Work request
An exact transcript of every entry is required, without any of the pictures.

(Scraped caption text data)
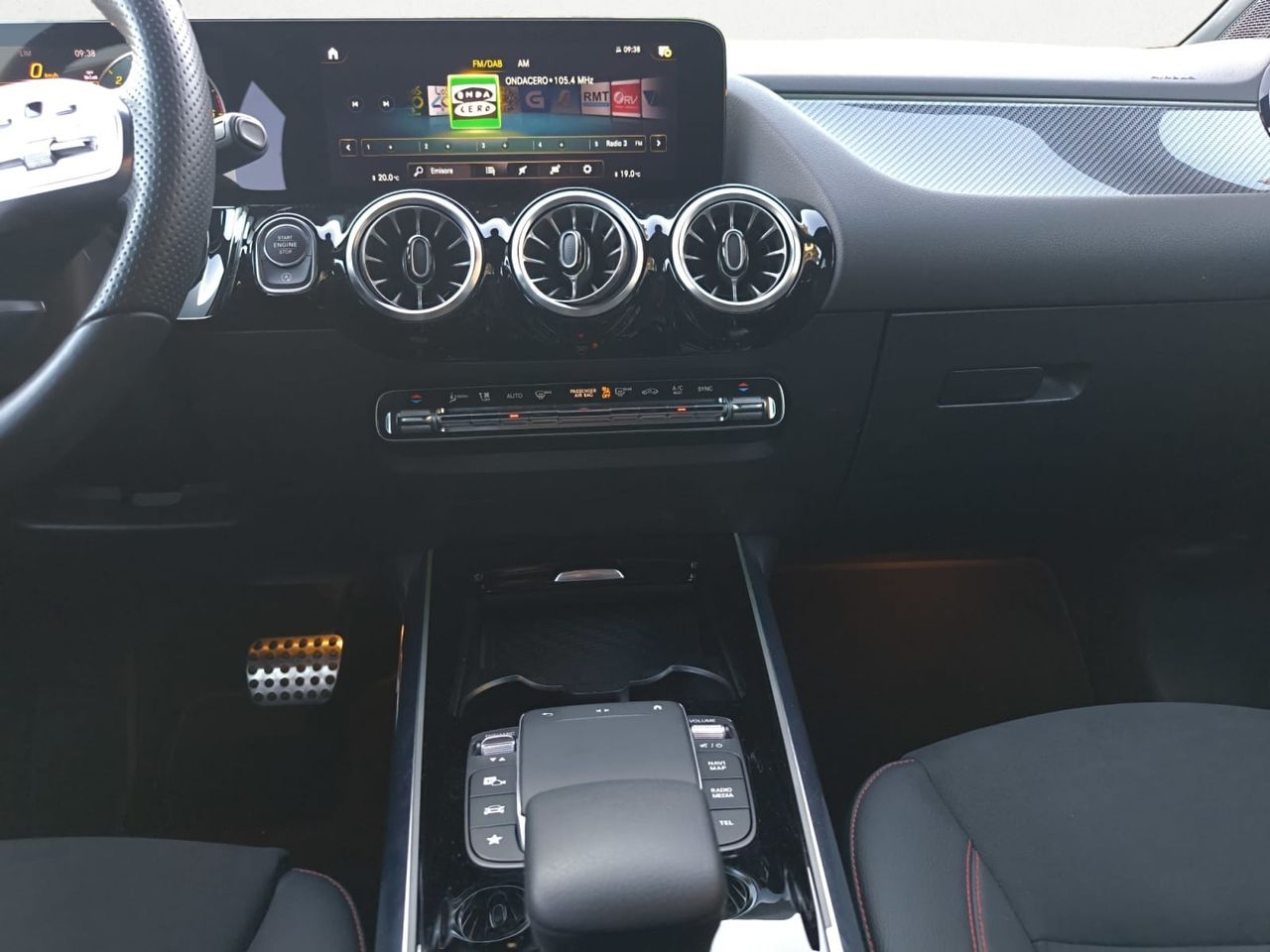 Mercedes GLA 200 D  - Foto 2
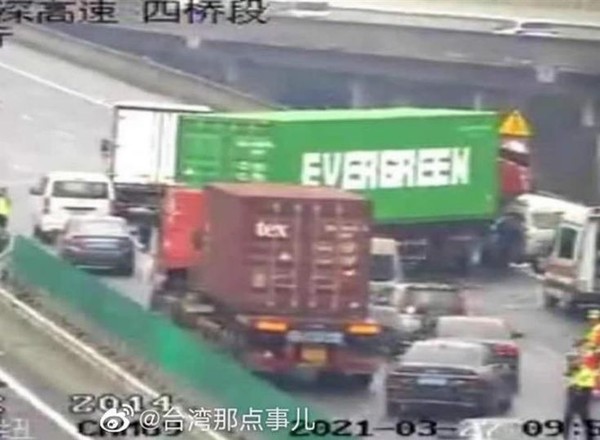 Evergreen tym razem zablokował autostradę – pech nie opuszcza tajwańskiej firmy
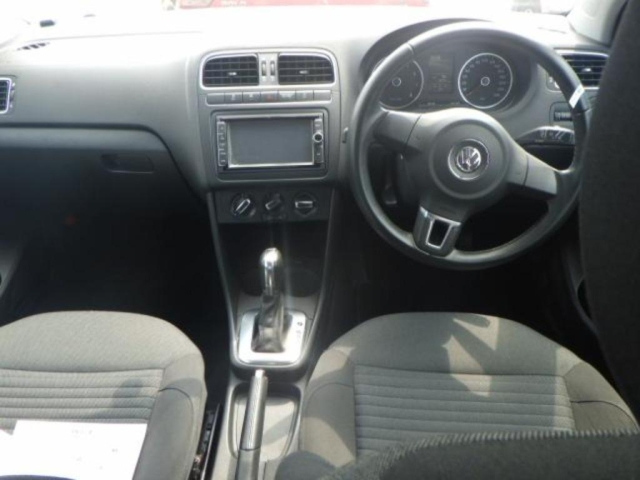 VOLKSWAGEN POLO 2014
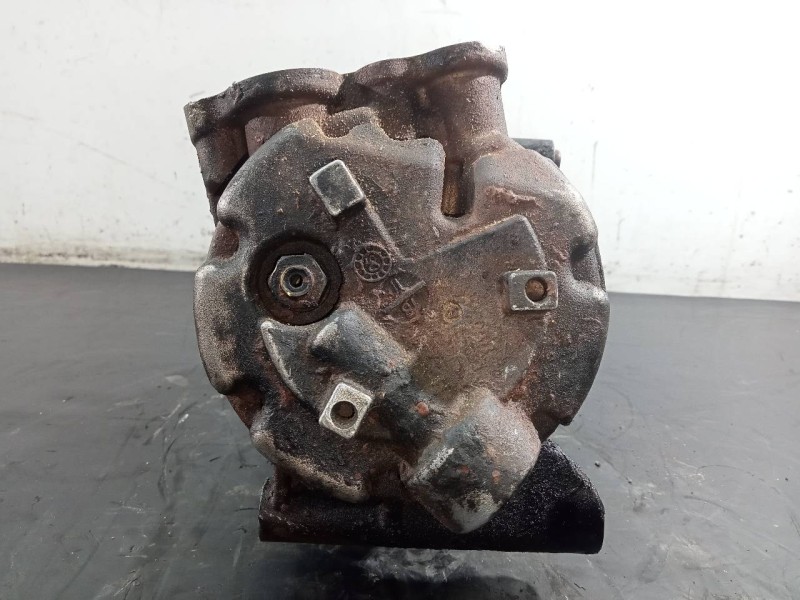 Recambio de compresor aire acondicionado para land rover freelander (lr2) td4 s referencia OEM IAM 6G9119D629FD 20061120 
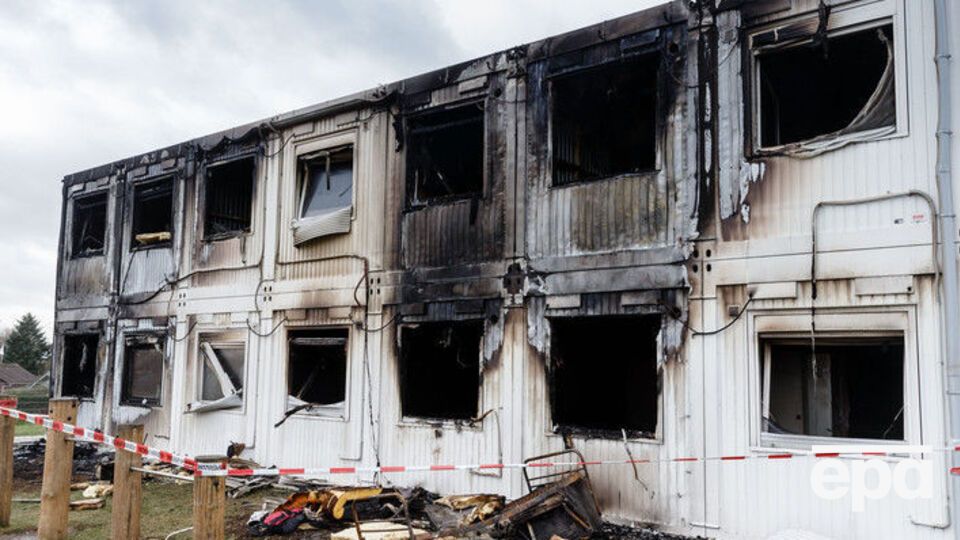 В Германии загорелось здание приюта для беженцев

Answer to this exercise
 Mercedes GLA 200 D  - Foto 2
 Evergreen tym razem zablokował autostradę – pech nie opuszcza tajwańskiej firmy
 VOLKSWAGEN POLO 2014
 Recambio de compresor aire acondicionado para land rover freelander (lr2) td4 s referencia OEM IAM 6G9119D629FD 20061120 
 В Германии загорелось здание приюта для беженцев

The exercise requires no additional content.